Thursday October 28 10:00 AM – Thursday October 28 10:30 AM in Talks II

Keeping sensitive data safe using recommendation systems

Liron Faybish (Ben-Kimon)

Prior knowledge:
No previous knowledge expected


What if I told you every-day recommendation systems can be utilized to detect unwanted behaviors? Now, what if I told you that it can also be harnessed to prevent internal security violations in organizations? Well, it’s happening. Kind of neat, right?

In this talk I’ll present the process and the results of using recommendation systems to detect unauthorized access to sensitive data.


In our every-day lives, whenever we hear about recommendation systems, it’s usually in the context of consumerism; whether via e-commerce, social-media or other advertising medias – recommendation systems enable us to consume different types of personalized content. In my session, I’ll advise you to explore that exact context through a different lens - by sharing about how recommendation systems’ methods can be utilized to detect unwanted behaviors, such as security anomalies within organizations.

In many cases, organizations store their data in a relational database. Naturally, teams and groups from the same areas of responsibility in the organization, access the same groups of tables, since they’re usually working on the same types of projects.

As some of this data may be sensitive, there’s a clear need to ensure that only authorized users will have access to it; In order to prevent potential security incidents and any possible misusage of the data. Therefore, it’s crucial for organizations to be able to detect any fundamentally different behaviors in its user’s routine data-access patterns.

My proposed solution is based on using recommendation systems methods for detecting anomalies in the access patterns of users to tables. The recommended products are the data tables, and the users are 'consuming' the tables. However, in the following case, we take a counter-intuitive approach, and look for products (=tables) that the user dislikes (= shouldn’t access).
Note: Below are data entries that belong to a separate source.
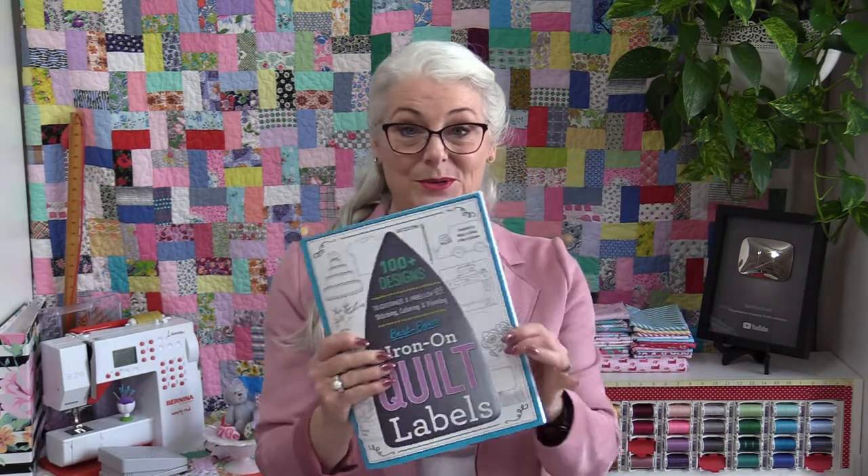Welcome to SewVeryEasy, my name is Laura. Do you like to put labels on the back of your quilt? I have a great book from C&T Publishing which will help us put those great labels on the back of our quilts.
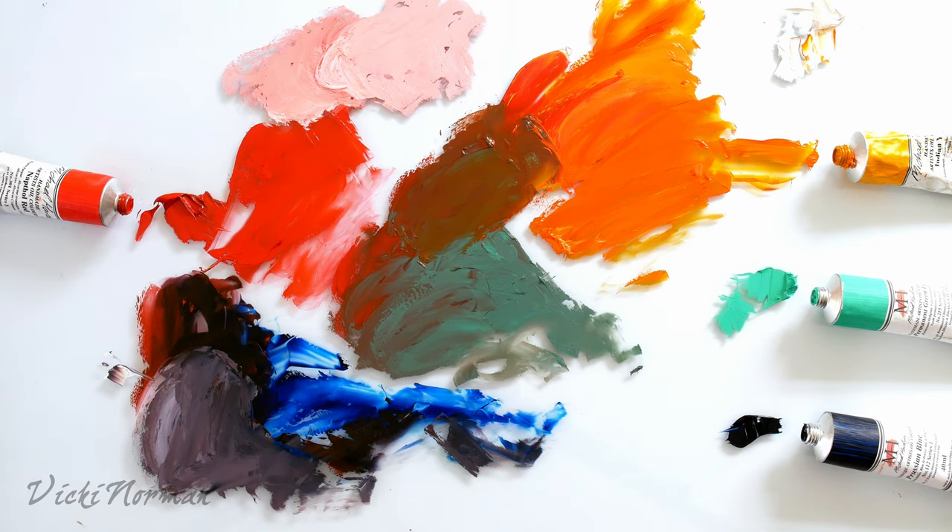So there we have it — Napthol Red. I'll see you next time. Bye.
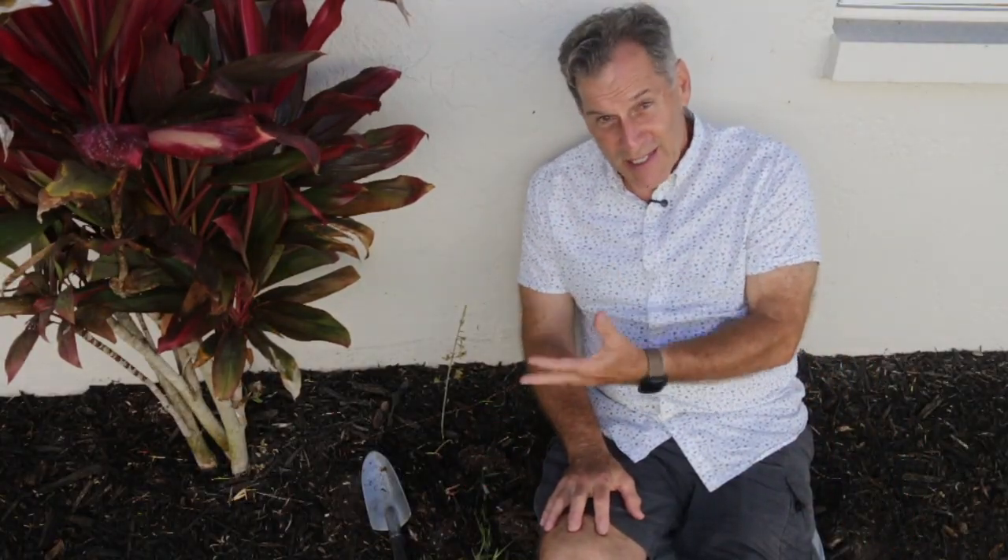This is mostly a terrestrial plant. The plants that I've seen are terrestrial, but it can be epiphytic as well. This is a really vigorous, small orchid — I don't think it's fragrant — but it's very good, as with most orchids, at producing large numbers of very small seeds that can be easily spread, and this one does that as well.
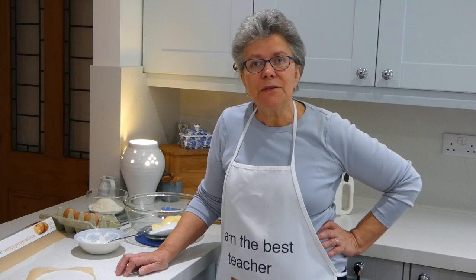Hello, I'm Becky. Welcome to my kitchen. There's something very special about homemade cakes and filling your house full of that wonderful smell. So I thought I'd show you how to make a Victoria sandwich.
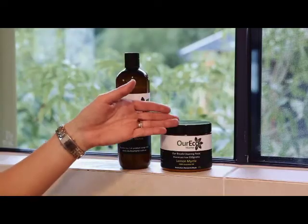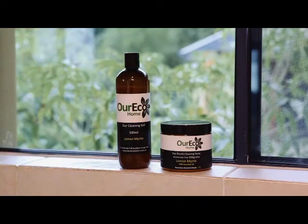When it comes to cleaning the shower cubicle, I can recommend two of our products: the bicarb cleaning paste and our cleaning gel. The paste I would use in a more soiled area, but today, given this shower screen has very limited soap scum, I'm going to show you how to use the cleaning gel.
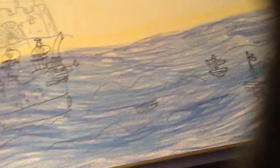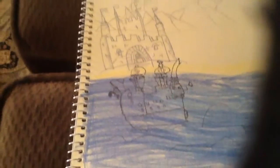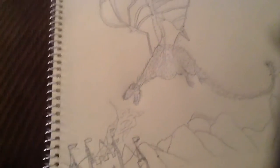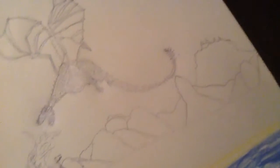So, I drew a medieval castle and a boat, and then I drew a dragon. It took a bit of time, but I think it was worth it.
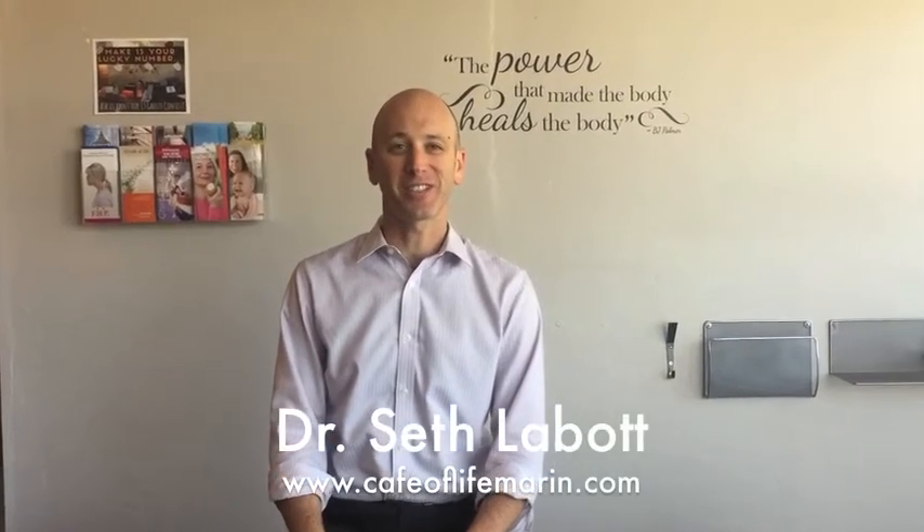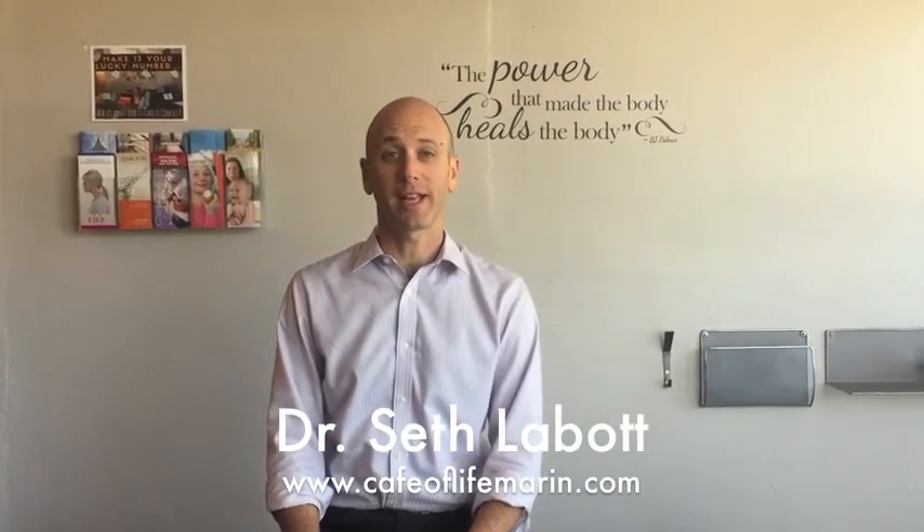Hey everybody, this is Dr. Seth with the Cafe of Life in Marin County, California. This week's chiropractic tip of the week is a specific neck stretch. In the past we've done all different kinds of stretches — hip stretches, foam roller techniques. Today we're going to do a neck stretch, specifically a levator scapulae stretch.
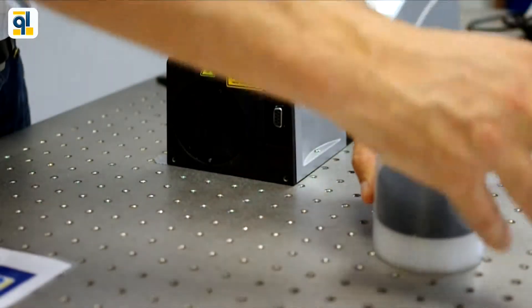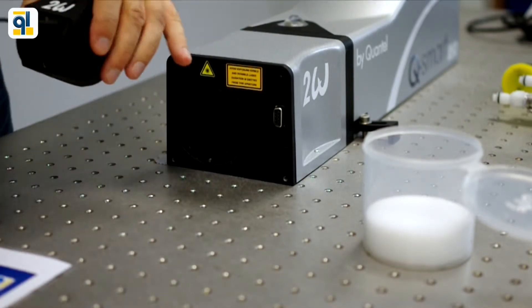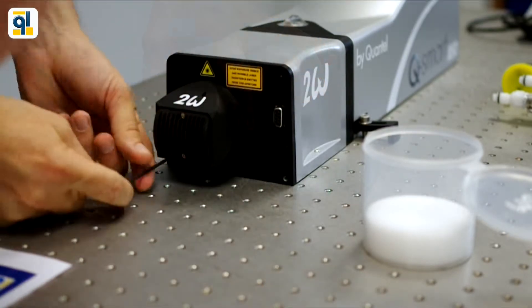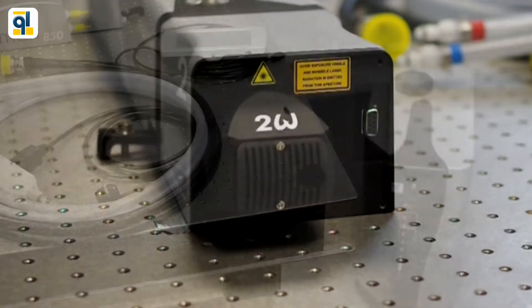The laser head comes with plug-and-play harmonic generators with no need for alignment. Each harmonic is supplied with its own dichroic module. Depending on your experiment, you may remove the beam dump from the dichroic module so that you can have access to the residual wavelengths.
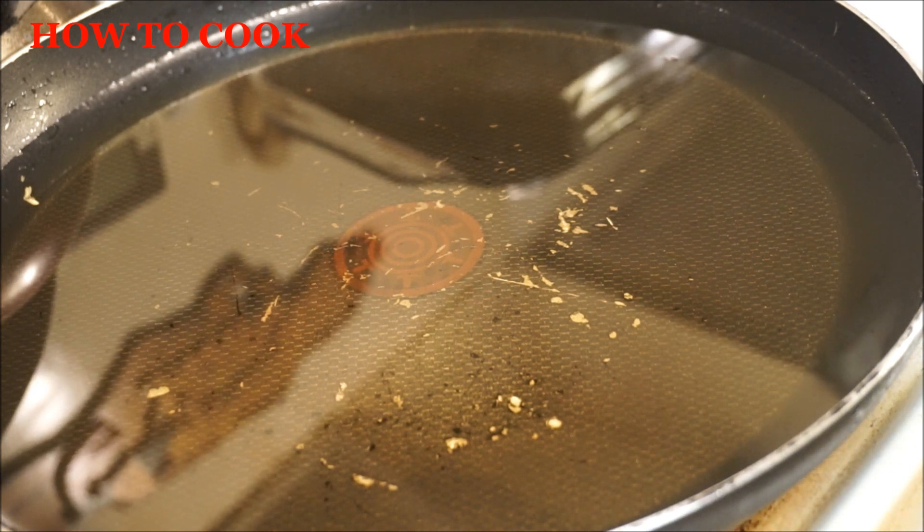Now in my pot I have corn oil — you can use any kind of oil you want. You want to make sure your oil is nice and hot. Your fire should be between medium to high heat; if you go too high you're going to burn everything. This chicken should be fried on each side for seven minutes each side, and you're going to have perfect chicken.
Since we’re counting the amount of accesses each user performs to each table, the access patterns are an implicit feedback. In order to learn the usage patterns, we’re using Alternating Least Square (ALS) algorithm for implicit collaborative-filtering. This way, the model can calculate the likelihood for each access of user to a specific data-table and detect if it’s an anomaly or not.

Now, you probably ask yourself ‘How such concept can be implemented as a long-lasting solution to protect data abuse within MY organizations?’ I guess you have to join my talk to find out for yourself.

Notes: 1. The idea is using recommendation systems for anomaly detection. 2. The AUC we were able to achieve was higher than 90%.